La volonté de préserver la sécurité des personnes et des biens peut conduire tant les syndicats que les copropriétaires à envisager l’installation de caméras de surveillance dans l’immeuble. Pour plusieurs, lorsqu’une copropriété fait face à des actes de vandalisme répétés ou subit des cambriolages, la vidéosurveillance est souvent perçue comme une solution efficace, d'autant plus que la diminution des coûts et les avancées technologiques en facilitent l'accès. Toutefois, la légalité de l'installation de caméras en copropriété soulève plusieurs enjeux et suscite des débats, notamment parmi les occupants soucieux de préserver leur droit à la vie privée. Ainsi, plusieurs questions émergent : l'installation de caméras de surveillance en copropriété est-elle conforme à la loi?
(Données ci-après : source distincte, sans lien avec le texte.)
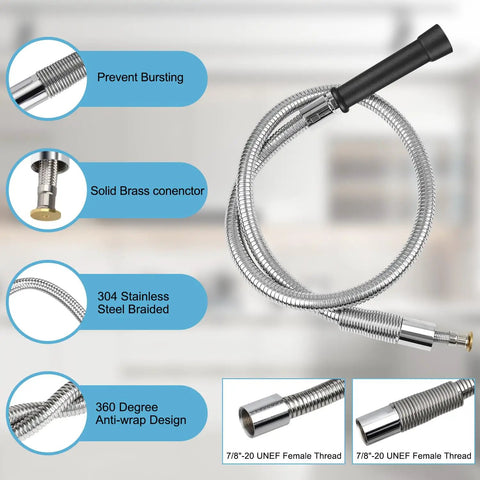 Heavy Duty 44 Inch Pre Rinse Hose With Grip Handle And Spring For Commercial Sinks Stainless Steel Overhead Spring And Heat Resistant Handle Replacement For Restaurant Kitchens And Industrial Dishwashers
Si oui, existe-t-il une procédure spécifique à suivre?
Syndicat
Le Code civil du Québec n'encadre pas spécifiquement l'installation de caméras de surveillance dans une copropriété divise; un syndicat peut être justifié d’installer un tel dispositif dans l’unique but de garantir la sécurité des biens et des personnes. Les caméras de surveillance peuvent être disposées dans les parties communes en autant qu’elles ne soient pas cachées et qu’elles ne visent pas spécifiquement une ou quelques unités ni les résidents eux-mêmes; néanmoins, ces derniers doivent avoir été informés que les parties communes sont surveillées par de tels appareils technologiques sinon les copropriétaires de l'immeuble pourraient prétendre que le tout porte atteinte à leur vie privée et ce, conformément à l’article 36 du Code civil du Québec.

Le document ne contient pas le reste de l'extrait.